Chapter 17, The Penguins of Guyana

Sapolsky had to leave a riveting fight between Daniel, the temporary alpha, and Nathanial to retrieve his weekly supply from the lorry at the lodge. His tire was punctured for the third time that week. He goes through the shenanigans of repairing it and goes to another tourist lodge  to indulge and feel American for a minute. Sapolsky discusses the mixing of cultures in Kenya expressing,

“It constantly amazes me that there isn’t more overt hostility between the different cultures and tribes and races here that rub elbows all the time.”

However, he proceeds to give stories of elaborate scams in which hostility between groups surfaces.

After Rob gives a Masai villager a ride with a baboon in his Jeep, word quickly spreads that he and Richard herd them like sheep… which leads to the most elite prank of all time. He and Richard poured baboon blood in a cup and drank out of another, switching the cups out of sight of village children. This prank bit Rob in the ass after scammers pretended to charge him and report him to the police.

Chapter 18, When Baboons Were Falling Out of the Trees

This chapter outlines an elaborate scam created by the warden who takes Rob and Muchemi, a veterinarian, to a lodge dump to find sick baboons. The manager blew up at him, saying the animals looked sick. One baboon was thin, with an arched back – signs of TB… with Rob’s permission, the manager of the lodge tried to shoot the baboon and missed till they scattered. Rob, Muchemi, and Richard regrouped in the car, and Richard finally expressed their collective thought,

“”I think it was just a story he was saying about the baboons being sick. I think that man just likes to shoot baboons and wanted the warden to let him.”

Chapter 19, The Old White Man

An old white man used a voice amplifier to accommodate the surgical removal of either his trachea or larynx and had a hole in his throat. Everyone at the tourist camp pondered how his body functions, beginning with drinking.

“‘You cannot get the machine wet, like a radio. It will make sparks and rust.’ Everyone agreed and sympathized.”

They deduce he fuels himself with the two camera batteries he had purchased… which escalates to an explanation of why white women always take pictures: to make a machine that looks like their husbands after they die. Fear spread regarding the machine until he gave a hundred shilling tip and everyone assented,

“This old white man is a good machine.”

Chapter 20, The Elevator

Richard and Rob go to Nairobi, Richard’s first time in the big city. His trip to a bookstore resonates closely with a kid in a candy store. Richard rides the elevator to the fifth floor of their hotel, hyperventilating. He rode multiple times but later confesses he had ventured to Nairobi once before on a mission to change his child’s name, which was Hillary instead of Jesse, as he wanted. He entered an elevator and describes his experience like this,

Then, he took me into a small room with no windows… The door was closed, and suddenly it was roaring and my stomach was hurting so much I thought I was dying from Nairobi already.”

Chapter 21, The Mound Behind 7-Eleven

Sapolsky foreshadows the death of one of his baboons in this chapter by describing his attempted CPR, endotrachial tube, and burial of the baboon.

He transitions to a discussion of Dian Fossey, a legend who studied gorillas intensely but loathed the academic world.
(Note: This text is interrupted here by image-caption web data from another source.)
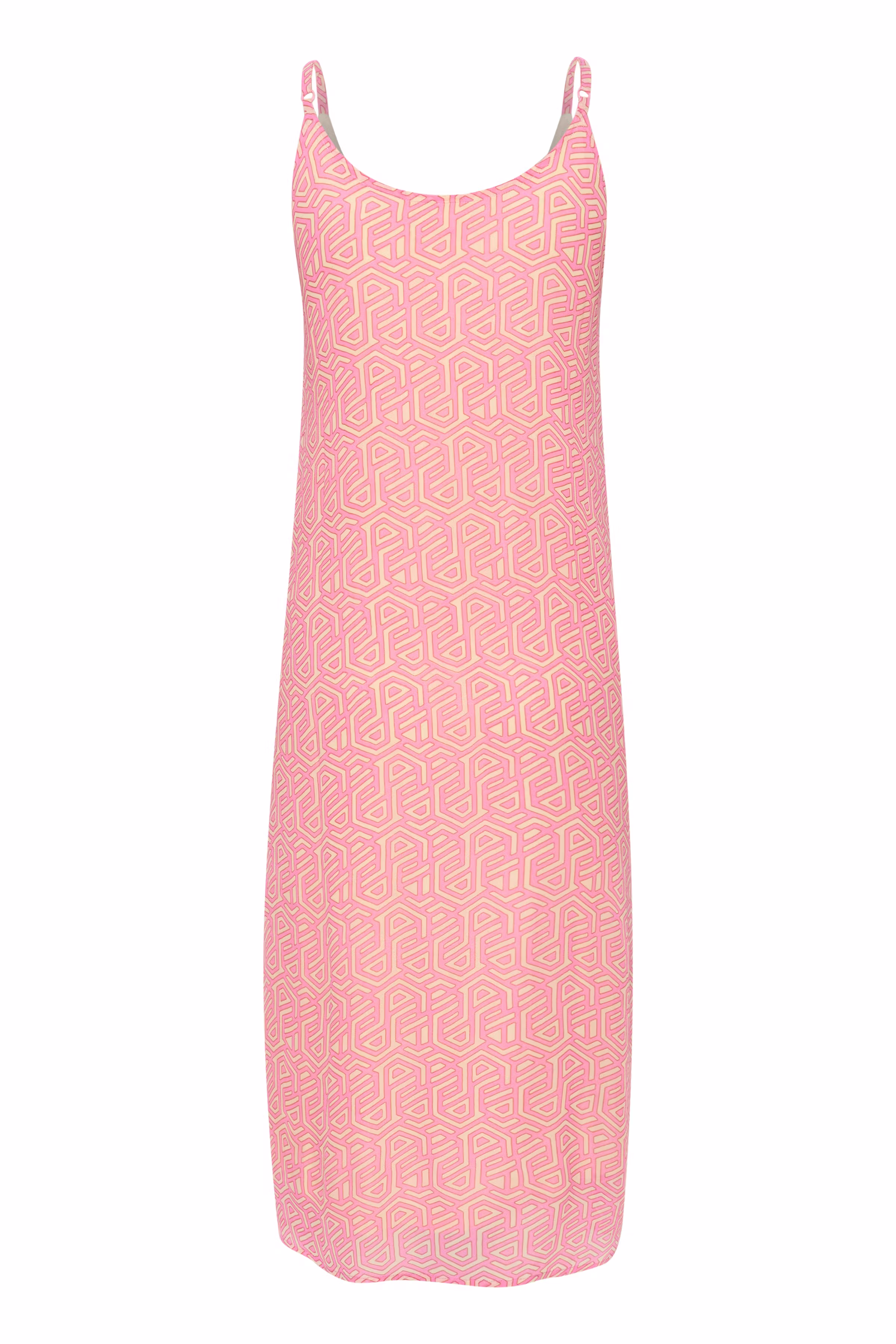 CRLinea Dress PACK BACK 10612308-105482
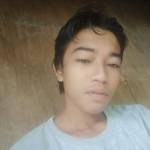 Elmond Andrade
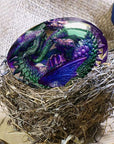 Dragon Egg | Lava Dragon Egg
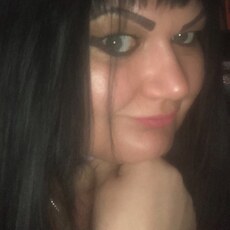 Дарья, 37, Струнино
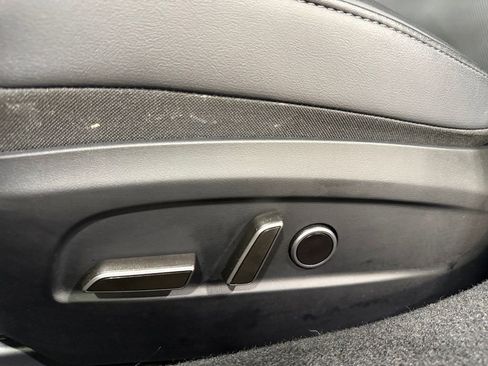Used 2024 Tesla Model 3 Long Range AWD/4WD image 25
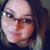 Ashley Teems's profile image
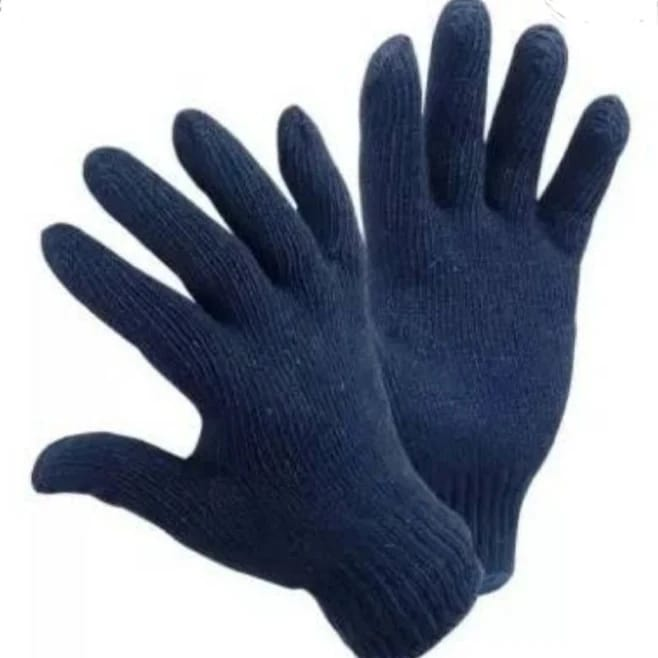 Protective industrial safety products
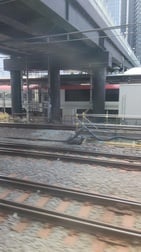 13:05~ 약속의 책 지명님에게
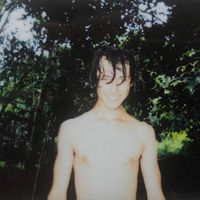 Jason Howarth's Photo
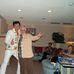 Edna Hogan - Facebook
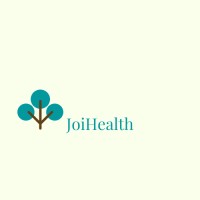 JoiHealth logo, JoiHealth contact details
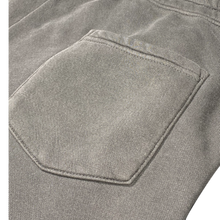 Load image into Gallery viewer, Demon Slayer Shorts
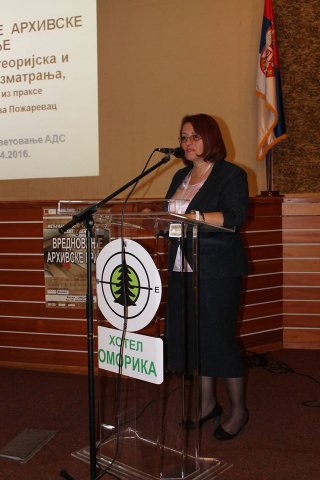 Тара 2016 други део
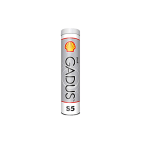 SHELL GREASE GADUS S5 T460 1.5 CAN 400GR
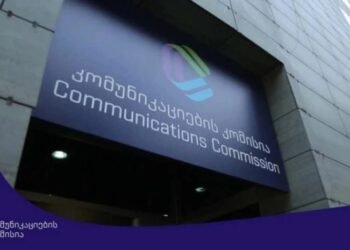 ორი ქართული ტელეკომპანიის წინააღმდეგ გაერთიანებული სამეფოს გადაწყვეტილებამ შეიძლება საფრთხე შეუქმნას მედიაპლურალიზმს – კომუნიკაციების კომისია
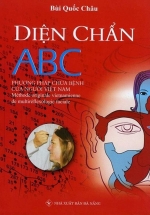 sach dien chan abc phuong phap chua benh cua nguoi viet nam L - Tuyển Chọn Sách Hay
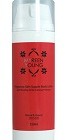 Myreen Young Organic Pregnancy Skincare Range Review Myreen Young Organic Pregnancy Skincare Range Review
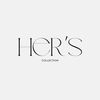 _herscollection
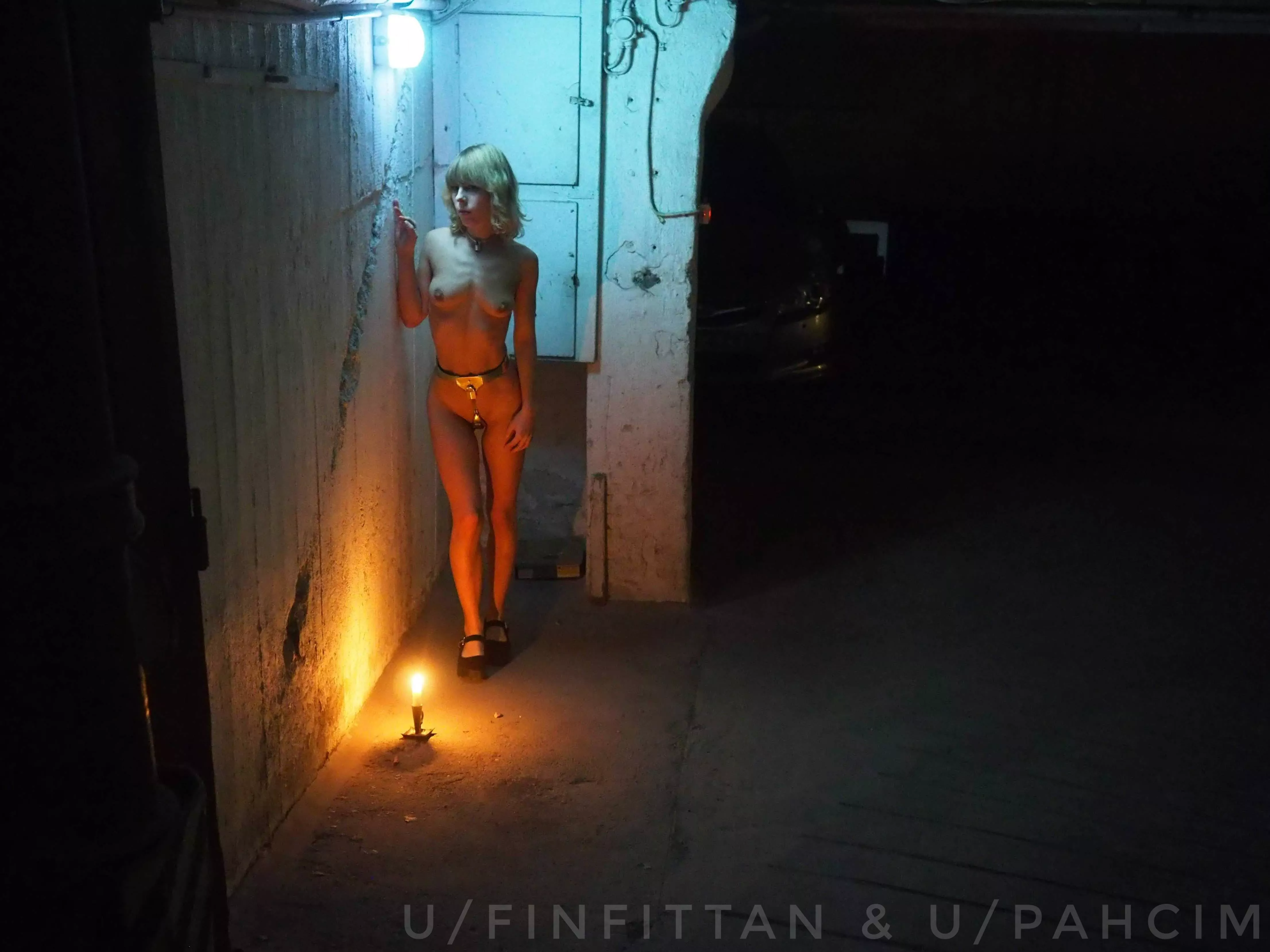 I truly lvoe this tpo, so silky and cute. I got more steel gifts, that im gonna post really soon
Dian worked in Rwanda, and Batwa tribesman used snares to catch forest bucks, which inevitably entrapped some of her dear gorillas, dying of gangrene in the trap. Fossey waged war on the tribesmen, destroying snares – their source of food. Soon, tribesmen intentionally killed her gorillas and lay them on the path to her cabin. She became a temporary extrovert to earn funds to “fight for her precious gorillas” and returned to Rwanda fighting with everyone till she was murdered one night. An American grad student who left Rwanda served as an effective scapegoat.

Rob visits the site of Fossey’s work and is devastated by the weight of what’s been lost and seized from the wondrous gorillas. He summits a mountain and runs down in fear of being murdered by a kid with a machete lying in the tent next to him. On his way down, he encounters Fossey’s cabin, grave, and grave of the gorillas.